Researchers develop diagnostic test for motor neurone disease

imageNeuRA researchers are one step closer to developing a diagnostic test for motor neurone disease. Dr Steve Vucic, from Neuroscience Research Australia, says the test will allow people with motor neurone disease to be diagnosed up to eight months earlier than is currently possible.

“At the moment, we diagnose motor neurone disease using clinical signs, but it can take months to satisfy this criteria,” he says.

“If we can diagnose motor neurone disease earlier, we can initiate treatment much earlier and improve the patient’s quality of life. This may also translate into better efficacy of the medication used to treat motor neurone disease.”

Motor neurone disease is a degenerative disease that causes rapidly progressive muscle weakness. The disease affects nerve cells, called motor neurons, that control the muscles for moving, speaking, breathing and swallowing.

Motor neurone disease typically affects people in their mid-50s and is universally fatal; survival is approximately 2-5 years from the onset of symptoms. Although there is currently no cure, a medication called riluzole slows the progression of the disease.

In the early stages of motor neurone disease, the level of electrical activity in the brain increases.

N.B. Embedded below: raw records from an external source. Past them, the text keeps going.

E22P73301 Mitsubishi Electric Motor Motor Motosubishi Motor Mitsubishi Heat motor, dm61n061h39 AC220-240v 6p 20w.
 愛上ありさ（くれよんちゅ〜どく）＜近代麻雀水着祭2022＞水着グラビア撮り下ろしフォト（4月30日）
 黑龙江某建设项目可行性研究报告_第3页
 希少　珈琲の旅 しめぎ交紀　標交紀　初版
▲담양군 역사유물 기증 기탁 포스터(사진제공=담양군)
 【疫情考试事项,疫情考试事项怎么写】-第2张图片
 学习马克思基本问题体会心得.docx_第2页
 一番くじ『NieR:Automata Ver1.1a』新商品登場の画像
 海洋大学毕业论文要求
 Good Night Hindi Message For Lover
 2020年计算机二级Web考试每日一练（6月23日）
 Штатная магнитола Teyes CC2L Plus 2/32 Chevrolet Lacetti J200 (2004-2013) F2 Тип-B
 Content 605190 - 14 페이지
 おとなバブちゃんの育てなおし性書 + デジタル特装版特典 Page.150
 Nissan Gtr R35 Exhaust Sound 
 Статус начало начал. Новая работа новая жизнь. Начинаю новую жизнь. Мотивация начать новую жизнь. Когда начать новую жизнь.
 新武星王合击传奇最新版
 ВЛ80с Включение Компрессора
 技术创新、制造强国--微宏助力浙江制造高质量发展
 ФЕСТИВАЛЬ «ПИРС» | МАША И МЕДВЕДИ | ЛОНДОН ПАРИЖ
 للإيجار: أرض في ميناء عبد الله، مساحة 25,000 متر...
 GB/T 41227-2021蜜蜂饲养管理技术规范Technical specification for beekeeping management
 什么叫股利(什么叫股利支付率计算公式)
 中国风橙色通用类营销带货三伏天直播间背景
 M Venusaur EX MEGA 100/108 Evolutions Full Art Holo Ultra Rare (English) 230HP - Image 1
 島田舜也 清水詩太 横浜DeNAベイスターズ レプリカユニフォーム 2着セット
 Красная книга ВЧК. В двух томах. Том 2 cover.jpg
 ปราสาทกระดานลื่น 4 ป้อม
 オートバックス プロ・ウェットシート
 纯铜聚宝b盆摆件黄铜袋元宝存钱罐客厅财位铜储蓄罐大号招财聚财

The new diagnostic test, called threshold tracking transcranial magnetic stimulation (TTTMS), employs magnetic stimulation to measure this ‘cortical hyperexcitability’ in the brain.

Dr Vucic says this new technique is faster and more precise than older techniques to measure cortical hyperexcitability and will allow clinicians and researchers to discriminate between motor neurone disease and conditions that can look similar.

“This will help give patients some certainty,” says Dr Vucic. “Motor neurone disease is a life sentence, whereas some of these other conditions are treatable.”

The technique will also allow people diagnosed with motor neurone disease to participate in drug trials at an earlier stage in their disease.

“This will greatly assist our research in trying to find more effective treatments for this tragic disease,” says Dr Vucic.

Dr Vucic says the next stage is for the technique to be validated by other research groups.

The study was published in the journal Clinical Neurophysiology.